Stop at the line containing "Potted plant on": every line of the listing from the first up to that one must be set down exactly.
==============================
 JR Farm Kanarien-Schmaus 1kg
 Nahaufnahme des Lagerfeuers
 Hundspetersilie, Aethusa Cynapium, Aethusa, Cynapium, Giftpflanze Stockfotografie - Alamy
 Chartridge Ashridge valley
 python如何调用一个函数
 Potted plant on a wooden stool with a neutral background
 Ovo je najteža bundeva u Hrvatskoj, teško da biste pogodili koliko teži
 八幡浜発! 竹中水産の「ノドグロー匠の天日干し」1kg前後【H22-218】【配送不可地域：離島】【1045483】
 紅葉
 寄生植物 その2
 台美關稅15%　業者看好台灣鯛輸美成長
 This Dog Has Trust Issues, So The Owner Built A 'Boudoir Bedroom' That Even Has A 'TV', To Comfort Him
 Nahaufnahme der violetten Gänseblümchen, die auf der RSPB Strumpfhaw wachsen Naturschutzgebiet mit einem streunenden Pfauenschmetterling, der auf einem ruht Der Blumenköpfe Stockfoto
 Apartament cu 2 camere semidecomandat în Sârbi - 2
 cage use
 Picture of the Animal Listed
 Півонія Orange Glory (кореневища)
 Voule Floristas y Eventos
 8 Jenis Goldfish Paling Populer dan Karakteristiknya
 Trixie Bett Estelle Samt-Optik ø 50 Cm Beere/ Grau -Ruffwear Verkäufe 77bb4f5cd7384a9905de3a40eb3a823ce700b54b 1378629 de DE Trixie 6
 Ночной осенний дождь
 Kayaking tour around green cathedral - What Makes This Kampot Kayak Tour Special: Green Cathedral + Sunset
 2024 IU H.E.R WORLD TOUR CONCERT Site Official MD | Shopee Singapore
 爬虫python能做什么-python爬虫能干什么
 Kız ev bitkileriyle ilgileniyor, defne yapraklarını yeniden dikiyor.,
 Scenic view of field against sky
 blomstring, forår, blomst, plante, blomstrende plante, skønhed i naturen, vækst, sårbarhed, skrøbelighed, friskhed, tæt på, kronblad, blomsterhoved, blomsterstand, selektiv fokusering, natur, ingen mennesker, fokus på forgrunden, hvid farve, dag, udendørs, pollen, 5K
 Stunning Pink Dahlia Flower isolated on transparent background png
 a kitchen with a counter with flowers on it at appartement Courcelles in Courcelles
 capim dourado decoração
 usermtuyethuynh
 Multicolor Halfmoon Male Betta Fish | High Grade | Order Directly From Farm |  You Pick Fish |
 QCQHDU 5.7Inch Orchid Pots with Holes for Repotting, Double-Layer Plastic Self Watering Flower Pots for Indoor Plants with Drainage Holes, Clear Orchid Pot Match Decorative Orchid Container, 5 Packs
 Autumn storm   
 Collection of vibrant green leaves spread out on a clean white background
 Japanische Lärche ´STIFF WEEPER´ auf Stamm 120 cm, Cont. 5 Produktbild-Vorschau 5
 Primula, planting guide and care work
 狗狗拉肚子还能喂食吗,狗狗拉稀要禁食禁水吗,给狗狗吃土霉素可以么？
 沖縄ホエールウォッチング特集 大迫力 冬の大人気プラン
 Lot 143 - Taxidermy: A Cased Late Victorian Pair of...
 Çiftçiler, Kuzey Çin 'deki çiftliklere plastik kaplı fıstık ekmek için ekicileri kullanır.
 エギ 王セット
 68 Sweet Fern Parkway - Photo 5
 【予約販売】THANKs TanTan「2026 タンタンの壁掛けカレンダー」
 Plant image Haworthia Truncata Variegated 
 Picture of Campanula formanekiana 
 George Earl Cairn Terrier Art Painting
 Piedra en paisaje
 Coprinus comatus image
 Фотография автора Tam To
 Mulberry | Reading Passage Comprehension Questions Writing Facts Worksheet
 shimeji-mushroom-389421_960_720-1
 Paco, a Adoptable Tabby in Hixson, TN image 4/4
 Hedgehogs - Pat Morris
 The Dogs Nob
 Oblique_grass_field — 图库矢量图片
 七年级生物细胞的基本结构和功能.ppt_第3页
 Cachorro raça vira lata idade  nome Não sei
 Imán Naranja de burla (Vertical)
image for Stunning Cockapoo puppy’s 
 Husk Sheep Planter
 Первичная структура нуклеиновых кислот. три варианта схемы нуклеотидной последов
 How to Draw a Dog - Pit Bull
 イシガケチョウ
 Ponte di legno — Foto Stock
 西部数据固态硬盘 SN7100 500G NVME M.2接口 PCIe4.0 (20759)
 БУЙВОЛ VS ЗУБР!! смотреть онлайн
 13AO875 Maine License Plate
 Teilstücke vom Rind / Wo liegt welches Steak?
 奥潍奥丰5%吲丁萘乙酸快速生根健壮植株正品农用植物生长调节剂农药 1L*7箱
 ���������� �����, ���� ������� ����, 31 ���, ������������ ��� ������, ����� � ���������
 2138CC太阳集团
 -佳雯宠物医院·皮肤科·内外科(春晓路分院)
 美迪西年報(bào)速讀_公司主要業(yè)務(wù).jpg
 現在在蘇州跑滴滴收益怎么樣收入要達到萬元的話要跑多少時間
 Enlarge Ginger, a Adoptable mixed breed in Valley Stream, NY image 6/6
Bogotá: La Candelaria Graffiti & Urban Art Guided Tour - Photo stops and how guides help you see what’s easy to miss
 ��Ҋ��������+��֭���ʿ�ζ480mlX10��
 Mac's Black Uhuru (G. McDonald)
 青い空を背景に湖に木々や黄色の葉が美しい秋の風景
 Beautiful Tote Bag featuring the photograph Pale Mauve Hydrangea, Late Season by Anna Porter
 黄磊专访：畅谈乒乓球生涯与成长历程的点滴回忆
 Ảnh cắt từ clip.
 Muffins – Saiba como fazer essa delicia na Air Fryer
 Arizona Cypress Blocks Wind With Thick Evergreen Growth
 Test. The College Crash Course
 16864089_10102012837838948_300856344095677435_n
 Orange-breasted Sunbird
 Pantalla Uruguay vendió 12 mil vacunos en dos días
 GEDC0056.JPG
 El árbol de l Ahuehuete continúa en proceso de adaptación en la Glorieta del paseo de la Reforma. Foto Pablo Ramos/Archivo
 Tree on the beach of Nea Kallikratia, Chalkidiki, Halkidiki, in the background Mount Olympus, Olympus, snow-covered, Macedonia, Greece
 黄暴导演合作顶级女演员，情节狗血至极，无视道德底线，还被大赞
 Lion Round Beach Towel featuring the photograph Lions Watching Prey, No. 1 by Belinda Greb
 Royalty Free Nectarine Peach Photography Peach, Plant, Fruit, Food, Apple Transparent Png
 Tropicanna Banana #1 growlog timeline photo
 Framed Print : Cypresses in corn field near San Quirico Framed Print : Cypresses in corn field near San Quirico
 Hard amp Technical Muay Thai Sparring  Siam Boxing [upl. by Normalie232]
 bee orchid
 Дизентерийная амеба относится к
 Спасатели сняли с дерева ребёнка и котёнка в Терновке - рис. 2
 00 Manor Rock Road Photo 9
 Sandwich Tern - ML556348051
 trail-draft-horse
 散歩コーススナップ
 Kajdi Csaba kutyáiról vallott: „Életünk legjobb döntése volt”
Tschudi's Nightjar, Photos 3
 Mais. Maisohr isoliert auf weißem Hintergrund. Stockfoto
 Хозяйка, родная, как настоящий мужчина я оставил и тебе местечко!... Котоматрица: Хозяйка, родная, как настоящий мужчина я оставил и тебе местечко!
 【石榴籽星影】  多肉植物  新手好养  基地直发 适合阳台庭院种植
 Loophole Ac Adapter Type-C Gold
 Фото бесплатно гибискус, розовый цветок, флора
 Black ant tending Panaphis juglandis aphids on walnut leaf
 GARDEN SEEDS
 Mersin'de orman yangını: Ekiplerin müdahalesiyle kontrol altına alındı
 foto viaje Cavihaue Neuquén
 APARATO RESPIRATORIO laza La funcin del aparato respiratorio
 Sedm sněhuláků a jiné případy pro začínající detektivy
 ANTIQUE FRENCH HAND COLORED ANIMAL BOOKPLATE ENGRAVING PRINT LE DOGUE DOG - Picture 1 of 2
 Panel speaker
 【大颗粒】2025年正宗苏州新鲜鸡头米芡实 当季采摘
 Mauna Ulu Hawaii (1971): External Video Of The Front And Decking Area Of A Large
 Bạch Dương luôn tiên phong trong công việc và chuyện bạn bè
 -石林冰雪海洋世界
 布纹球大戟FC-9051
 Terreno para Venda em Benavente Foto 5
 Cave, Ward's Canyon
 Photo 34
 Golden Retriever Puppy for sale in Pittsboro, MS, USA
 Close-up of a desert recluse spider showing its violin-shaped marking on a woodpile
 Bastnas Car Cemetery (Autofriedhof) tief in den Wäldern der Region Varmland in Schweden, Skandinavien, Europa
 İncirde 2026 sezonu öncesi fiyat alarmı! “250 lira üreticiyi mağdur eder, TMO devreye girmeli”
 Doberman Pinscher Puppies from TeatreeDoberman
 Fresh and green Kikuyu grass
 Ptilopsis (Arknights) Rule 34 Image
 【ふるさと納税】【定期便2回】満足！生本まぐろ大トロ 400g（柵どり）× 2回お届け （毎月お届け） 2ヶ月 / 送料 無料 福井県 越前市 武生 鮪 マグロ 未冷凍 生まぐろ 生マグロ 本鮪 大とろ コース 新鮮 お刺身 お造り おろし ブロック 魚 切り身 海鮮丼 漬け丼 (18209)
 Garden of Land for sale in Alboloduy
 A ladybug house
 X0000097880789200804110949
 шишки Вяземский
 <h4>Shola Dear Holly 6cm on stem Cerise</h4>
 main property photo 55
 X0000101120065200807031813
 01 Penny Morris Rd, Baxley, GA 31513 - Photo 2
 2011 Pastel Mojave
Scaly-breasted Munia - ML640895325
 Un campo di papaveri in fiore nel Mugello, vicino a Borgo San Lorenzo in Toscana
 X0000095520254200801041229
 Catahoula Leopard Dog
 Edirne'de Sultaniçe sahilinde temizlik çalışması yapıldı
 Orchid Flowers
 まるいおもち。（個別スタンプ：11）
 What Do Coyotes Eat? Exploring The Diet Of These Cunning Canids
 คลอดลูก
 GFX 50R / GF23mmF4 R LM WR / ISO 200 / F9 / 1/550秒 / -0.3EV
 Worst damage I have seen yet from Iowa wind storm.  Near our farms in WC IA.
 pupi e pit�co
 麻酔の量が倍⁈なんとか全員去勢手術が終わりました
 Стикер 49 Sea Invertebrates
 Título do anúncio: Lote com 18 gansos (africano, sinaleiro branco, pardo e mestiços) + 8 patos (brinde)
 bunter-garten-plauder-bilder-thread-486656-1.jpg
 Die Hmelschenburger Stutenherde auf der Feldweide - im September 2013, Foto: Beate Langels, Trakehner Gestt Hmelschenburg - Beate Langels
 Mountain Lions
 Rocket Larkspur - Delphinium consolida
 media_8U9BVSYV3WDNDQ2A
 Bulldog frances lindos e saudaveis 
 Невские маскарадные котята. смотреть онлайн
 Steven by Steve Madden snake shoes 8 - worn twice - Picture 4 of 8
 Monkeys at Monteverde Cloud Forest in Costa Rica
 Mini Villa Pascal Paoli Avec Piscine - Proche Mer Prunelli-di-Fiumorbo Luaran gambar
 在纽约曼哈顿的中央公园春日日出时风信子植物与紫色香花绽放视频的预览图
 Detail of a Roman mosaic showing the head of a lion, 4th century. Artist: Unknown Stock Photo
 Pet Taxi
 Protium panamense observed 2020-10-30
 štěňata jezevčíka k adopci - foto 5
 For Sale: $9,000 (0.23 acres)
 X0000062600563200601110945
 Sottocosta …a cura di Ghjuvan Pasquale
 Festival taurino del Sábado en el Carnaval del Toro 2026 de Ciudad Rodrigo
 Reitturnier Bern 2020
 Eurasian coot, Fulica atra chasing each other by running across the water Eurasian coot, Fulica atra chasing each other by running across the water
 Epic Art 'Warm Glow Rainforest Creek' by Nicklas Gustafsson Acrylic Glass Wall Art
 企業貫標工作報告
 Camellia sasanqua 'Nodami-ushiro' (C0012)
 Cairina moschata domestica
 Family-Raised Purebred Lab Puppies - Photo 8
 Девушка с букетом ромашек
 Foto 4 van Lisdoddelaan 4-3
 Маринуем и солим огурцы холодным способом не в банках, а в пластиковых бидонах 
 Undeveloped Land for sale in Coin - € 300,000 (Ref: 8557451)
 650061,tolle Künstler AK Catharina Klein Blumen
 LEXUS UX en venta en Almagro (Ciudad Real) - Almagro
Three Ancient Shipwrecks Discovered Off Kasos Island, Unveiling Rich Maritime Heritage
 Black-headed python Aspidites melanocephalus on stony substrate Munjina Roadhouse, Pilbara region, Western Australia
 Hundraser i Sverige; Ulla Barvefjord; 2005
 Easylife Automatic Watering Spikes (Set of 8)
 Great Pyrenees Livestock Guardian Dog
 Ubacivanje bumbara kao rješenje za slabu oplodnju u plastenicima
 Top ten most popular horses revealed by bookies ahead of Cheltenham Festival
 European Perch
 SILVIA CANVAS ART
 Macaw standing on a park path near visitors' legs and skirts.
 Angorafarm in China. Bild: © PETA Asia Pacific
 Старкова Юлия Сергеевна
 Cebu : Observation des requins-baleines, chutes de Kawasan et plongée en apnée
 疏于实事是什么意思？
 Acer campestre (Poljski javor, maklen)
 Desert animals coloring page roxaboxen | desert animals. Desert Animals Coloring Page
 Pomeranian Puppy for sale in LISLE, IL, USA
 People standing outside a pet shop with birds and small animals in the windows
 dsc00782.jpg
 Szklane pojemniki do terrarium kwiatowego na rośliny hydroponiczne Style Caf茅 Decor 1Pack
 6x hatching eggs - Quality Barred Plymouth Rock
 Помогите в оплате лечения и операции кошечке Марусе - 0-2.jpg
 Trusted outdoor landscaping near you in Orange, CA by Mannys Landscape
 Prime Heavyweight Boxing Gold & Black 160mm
==============================
TASK RESPONSE
 JR Farm Kanarien-Schmaus 1kg
 Nahaufnahme des Lagerfeuers
 Hundspetersilie, Aethusa Cynapium, Aethusa, Cynapium, Giftpflanze Stockfotografie - Alamy
 Chartridge Ashridge valley
 python如何调用一个函数
 Potted plant on a wooden stool with a neutral background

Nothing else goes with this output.